Second Constituent Assembly of Pakistan: Politics for Dissolution of Former Assembly and Electoral Regulations for New Assembly

  • Dr. Rizwan Ullah Kokab Associate Professor/Chairman, Department of History and Pakistan Studies, Government College University, Faisalabad
  • Dr. Ali Shan Shah Assistant Professor, Department of Political Science & IR, Government College University, Faisalabad
  • Tariq Aziz PhD Scholar, Department of Political Science & IR, Government College University, Faisalabad
Keywords: Constituent Assembly, Constituent Convention, Dissolution, Electoral Politics, Electoral Regulations

Abstract

One part of this paper uncovers how the politics around the demands for the dissolution and re-election of the Constituent Assembly of Pakistan took place subsequent to the elections for the country’s provincial legislatures, especially in East Pakistan.
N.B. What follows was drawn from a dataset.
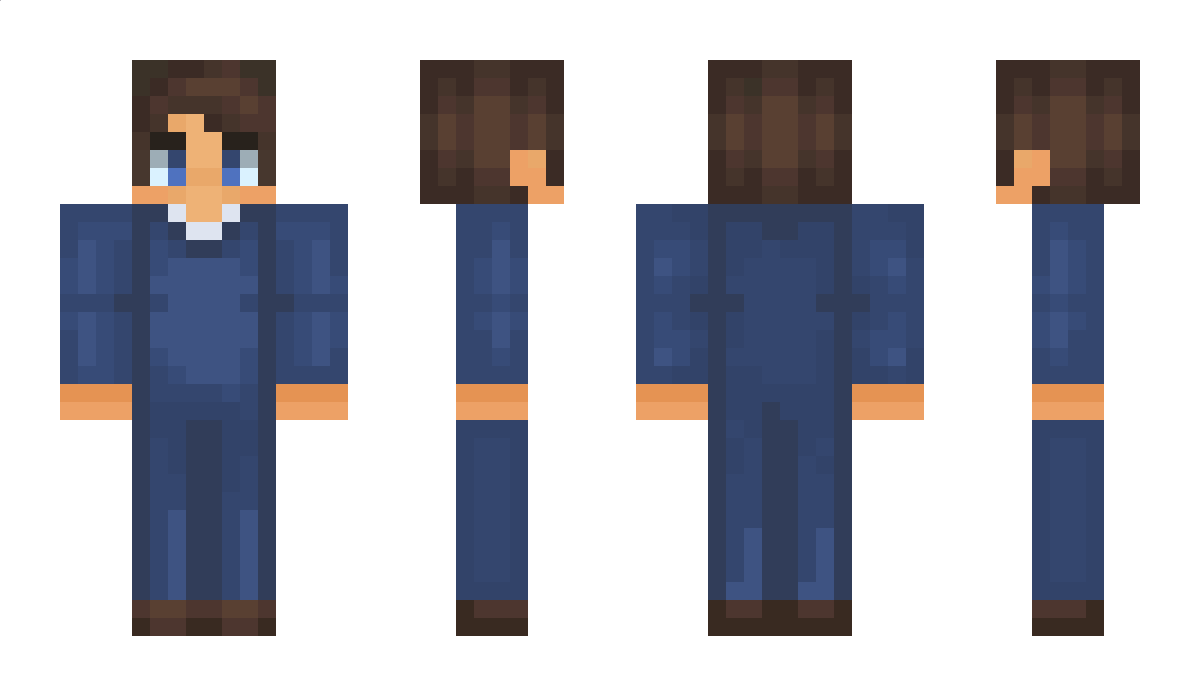 _TheEndgame Minecraft Skin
Following the dissolution of the Assembly, Pakistan was tangled into a political quagmire about the election of the successor of the Constituent Assembly. The politics around pre-election legislation to resolve this predicament is recorded in the second part of the study. The British archival record makes the most of source material of this study. These records provide impartial and third party accounts – hence are reliable sources – of the political developments of the period under consideration. As in the period, Pakistan was a dominion state under the British the records of Dominion Office (DO) or Commonwealth Relations Office (CRO) bear detailed inside and secret information that is rarely available in indigenous historical works. Therefore, the study provides a thorough and impartial historical explanation of the electoral politics on the dissolution of the original Constituent Assembly and formation legal framework for the constitution of the new Assembly.